> _EXERCISE DESCRIPTION_: Please write out all of the data below exactly, without including the pictures.

> _STORED DATA_:
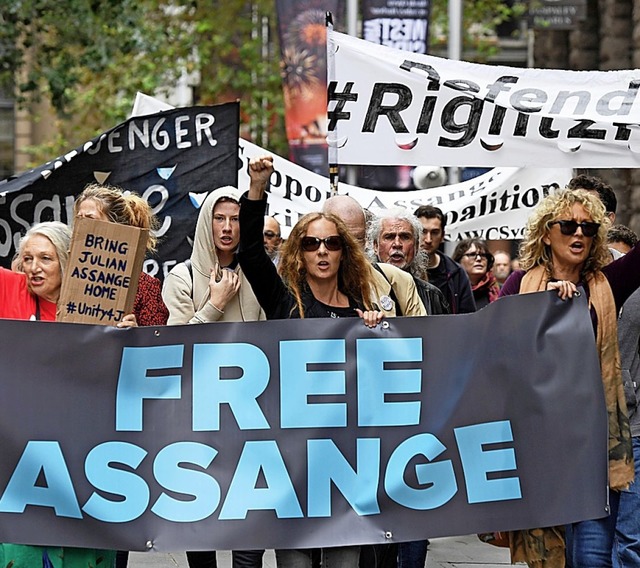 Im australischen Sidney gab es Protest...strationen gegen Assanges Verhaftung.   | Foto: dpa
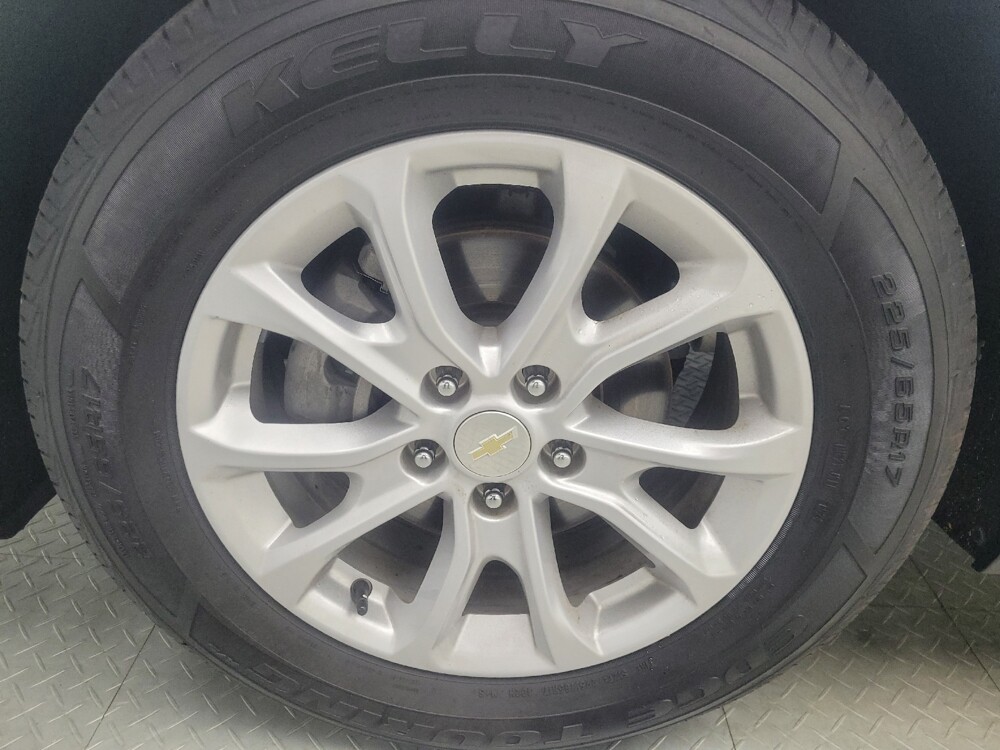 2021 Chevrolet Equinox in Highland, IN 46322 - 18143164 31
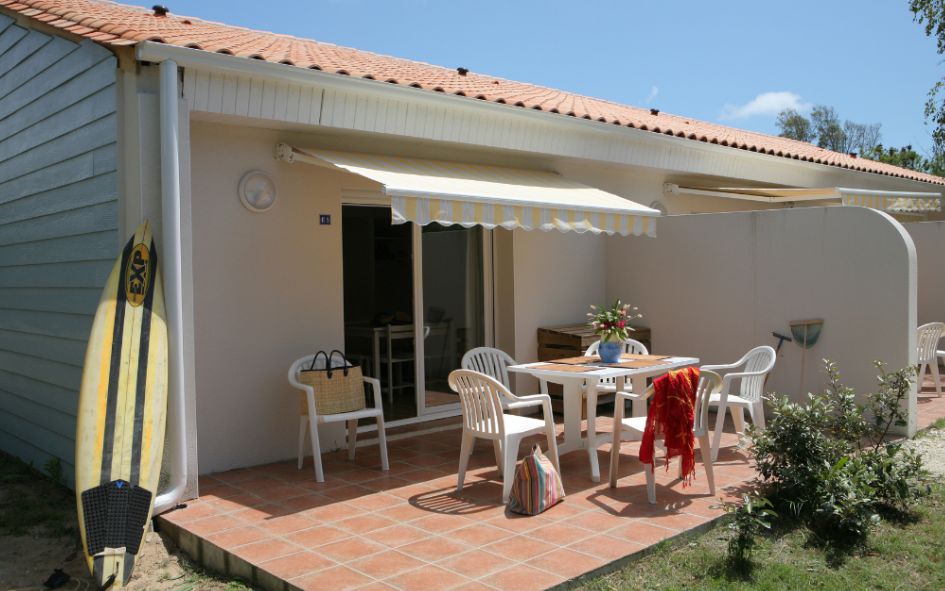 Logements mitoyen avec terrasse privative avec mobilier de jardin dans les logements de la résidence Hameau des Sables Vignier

> _SOLUTION TO THIS TASK_:
 Im australischen Sidney gab es Protest...strationen gegen Assanges Verhaftung.   | Foto: dpa
 2021 Chevrolet Equinox in Highland, IN 46322 - 18143164 31
 Logements mitoyen avec terrasse privative avec mobilier de jardin dans les logements de la résidence Hameau des Sables Vignier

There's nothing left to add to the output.